La fin du cycle monétaire ultra-expansionniste des années d’après-crise n’est certes pas un thème nouveau. Néanmoins, le cycle de normalisation monétaire qui se met progressivement en place a des conséquences significatives dans toutes les classes d’actifs. Dans la zone euro, les taux souverains semblent vouloir progresser par sympathie avec les taux américains, dans l’attente de la fin de la politique d’assouplissement quantitatif de la Banque centrale européenne en décembre prochain. La classe des actifs obligataires est évidemment fragilisée par le cycle de hausse des taux qui semble bien vouloir se préciser et par la faiblesse des primes de risque qui concernent aussi bien les obligations souveraines que les marchés du crédit aux entreprises. Et cela dans un environnement où la dette totale publique et privée représente 225% du PIB mondial (estimation du FMI à fin 2016), soit 40 points de plus par rapport au niveau d’avant la crise des subprimes de 2018. Une fois de plus, dans un contexte légèrement inflationniste, les actions ne sont pas si mal positionnées, à condition que le rythme de hausse des taux d’intérêt reste modéré, autrement dit que les taux nominaux ne menacent pas la solvabilité des agents économiques endettés, en particulier celle des pays de l’OCDE.

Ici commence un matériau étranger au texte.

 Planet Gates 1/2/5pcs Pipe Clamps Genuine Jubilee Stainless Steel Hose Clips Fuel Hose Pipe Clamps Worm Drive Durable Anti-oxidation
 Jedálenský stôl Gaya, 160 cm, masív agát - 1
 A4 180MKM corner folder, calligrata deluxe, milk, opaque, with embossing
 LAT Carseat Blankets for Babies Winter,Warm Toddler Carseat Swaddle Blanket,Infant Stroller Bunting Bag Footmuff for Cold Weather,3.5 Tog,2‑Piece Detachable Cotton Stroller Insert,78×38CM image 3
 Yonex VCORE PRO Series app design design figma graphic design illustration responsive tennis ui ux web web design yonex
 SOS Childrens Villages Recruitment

QUELLES CONSÉQUENCES MAJEURES ?

Nous tirons déjà deux conséquences majeures de l’évolution des taux d’intérêt. D’une part, les secteurs value de la cote (secteurs dont la croissance des cash-flows reflétée dans la valorisation de marché est faible) pourraient trouver grâce aux yeux des investisseurs, à l’instar d’ailleurs des secteurs financiers ces dernières semaines, si l’on exclut la période de volatilité induite par la question italienne. Les secteurs de croissance, notamment la technologie américaine, ont vu leur valorisation bondir depuis la fin de la crise de 2008-2009, en absolu et en relatif par rapport aux secteurs value. Une poursuite de la hausse des taux longs aurait inévitablement des conséquences négatives sur la valorisation de marché des valeurs de croissance (actualisation des cash-flows à des taux plus élevés). D’autre part, puisque la bourse américaine a elle-même un biais orienté « croissance » - les valeurs technologiques représentent 25% de l’indice S&P 500, contre à peine 5% dans les indices européens davantage exposés aux valeurs cycliques industrielles, aux titres pétroliers et aux valeurs financières -, nous pouvons même imaginer que l’Europe faiblement valorisée puisse enfin surperformer les actifs américains. L’inflation salariale reste d’ailleurs un sujet décisif pour la bourse de New York. Une accélération du rythme de progression du coût de la main-d’œuvre au-delà de 3% par an, ce qui ne serait nullement étonnant en fin de cycle, mettrait à mal la profitabilité élevée des entreprises.